* **TASK**:
Repeat word for word every line of the data below, from the first through the line containing "Natural Dog Company", and stop there.

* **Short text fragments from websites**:

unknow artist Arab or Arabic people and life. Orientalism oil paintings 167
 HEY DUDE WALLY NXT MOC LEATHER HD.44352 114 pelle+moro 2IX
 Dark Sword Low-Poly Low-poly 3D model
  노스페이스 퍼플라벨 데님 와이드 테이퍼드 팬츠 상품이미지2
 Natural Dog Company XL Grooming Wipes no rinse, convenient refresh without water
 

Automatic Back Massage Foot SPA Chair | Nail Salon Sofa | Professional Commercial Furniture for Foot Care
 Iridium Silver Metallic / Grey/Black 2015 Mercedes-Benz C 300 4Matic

* **ANSWER TO THIS PROBLEM**:
unknow artist Arab or Arabic people and life. Orientalism oil paintings 167
 HEY DUDE WALLY NXT MOC LEATHER HD.44352 114 pelle+moro 2IX
 Dark Sword Low-Poly Low-poly 3D model
  노스페이스 퍼플라벨 데님 와이드 테이퍼드 팬츠 상품이미지2
 Natural Dog Company XL Grooming Wipes no rinse, convenient refresh without water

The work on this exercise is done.